In other words, if you manage a website that deals with, say, health care, science or technology, you have an ethical obligation to a) recognize the potential harm that can result from misinformation in comments; b) take action to minimize that harm and facilitate a productive dialogue.
This brings me to Stack Overflow, which has a responsibility to offer accurate, useful feedback about programming. The stakes can be high, considering that a malicious or misinformed user could easily convince others to execute harmful code.
I think Stack Overflow is an excellent example of how sites can use rewards systems to encourage positive feedback and punish (i.e. downvote) those who disseminate misinformation or off-topic questions. The feedback as a whole seems very focused and accurate.

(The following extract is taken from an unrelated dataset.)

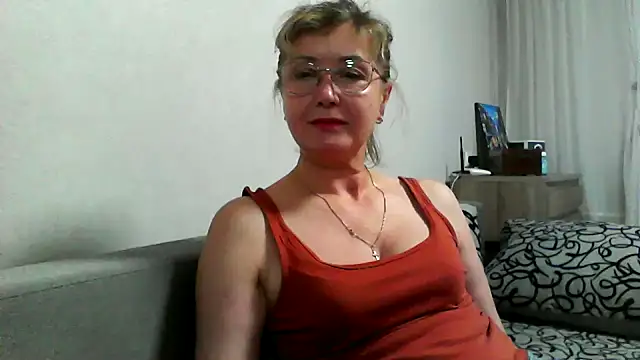 IrynaMolbertx online show from 10-10-25, 04:52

I hope other sites that offer serious advice will become more aware of their responsibility to solicit accurate comments. Now that we know comments can seriously affect readers' perceptions, it seems that an anything-goes comment form can be unethical. Stack Overflow may be a great role model in this respect.
Having said all that I'm just glad that its there. I remember coding without the internet (and I don't just mean a router failure) and that had its own challenges but SO has got me answers typically with in minutes and now instantly as the Q. base has grown. It's an amazing resource. If they can work out how people can contribute easily again it will be here for years to come.

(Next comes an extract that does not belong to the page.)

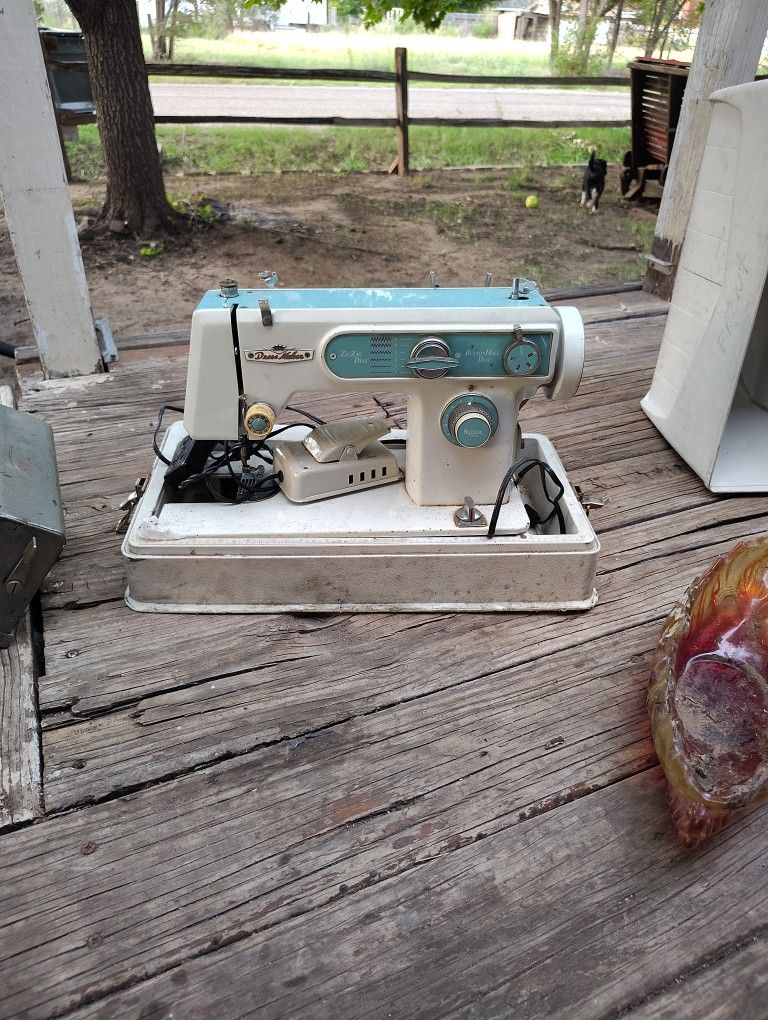 D Dressmaker Sewing Machine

SO has always helped me a great deal. I remember when I first started going to SO for answers, soon I had an urge to contribute back to the SO community, whatever little I could. I used to work with .net and SQL Server those days, and I used to have Linqpad open and ready right from the morning, looking for questions that I could answer. As soon as I found a question I can answer, I would verify it as quickly as possible and post it. I still remember how annoying it was to get the answer right and to realize someone posted a similar answer just seconds before I did. Good old days.
I feel like this website will outlive Facebook and Twitter. It's such an indispensible tool in my life.
I have definitely hated the attitudes of a lot of people over there and also the unusual closing of questions, but its inarguable that this site is probably one of the most important things on the internet for programmers.
What were SO-coders doing 5 years ago?
I have issues with SO, but I use it almost daily.
This sums up why we use internet.
Congratulations on five years! (it feels like I've known you a lot longer)
And I don't miss them. (Almost.)
The amount of knowledge gained from questions alone is immense. I have answered about 20 questions but I found it a lot less attractive as I'd rather learn new things than recite from memory solutions.
The questions are growingly become more and more strict in terms of moderation and for new comers it's frustrating experience to have your questions closed because existing members like to taunt newbies. I don't see SO taking off anymore, rather finding on news.ycombinator means it has peaked. The very people that flock to SO are shunned for asking questions that are not clear. Rather than aid them, questions are closed. This leaves a very bad taste in a newbies mouth. The massive traffic is from the previous accumulation of users but again the overly zealous moderators have ruined the welcoming community image.
Long ago someone asked about intended meaning vs literal meaning in questions. This received massive amount of downvotes (existing gurus) but I saw this is something critical that SO founders have completely missed.
Remember in Pakistan, during the 1971 war with India. The civilians that have put Bhutto in power have become so alienated from socialist policies of the leader, failing to see that it's the people that put an individual in power. He was ousted by the CIA but it wouldn't have been possible without the general animosity and betrayal from the public.
I don't think anybody likes to taunt newbies. However, people that donate their time to SO want their time to be used efficiently, and usually fixing badly written question is not the most efficient use of one's expert knowledge and time. People want common investment - you invest in good question, they invest in good answer, everybody wins. Of course, newbies may not know what "good question" is, and experts may have seen so many bad questions over their tenure that their temper has been worn thin, thus sometimes misunderstandings happen. But I think approaching it with understanding that it is a common investment, and asker has to invest first to get their investment back with sizeable profit of a good answer may be helpful here.
Isn't that the entire internet?
"Asks dumb question"
Winnuked.
I'm glad someone said it. Before they would at least leave a comment, or ask the user to elaborate or rephrase the question, now they just close. I see so many questions closed INSTANTLY, with no explanation, and most of the time it's not even rightly so.
Of course the vague rule about rules defined by the community allow them to do anything. Once again, moderation has ruined another website.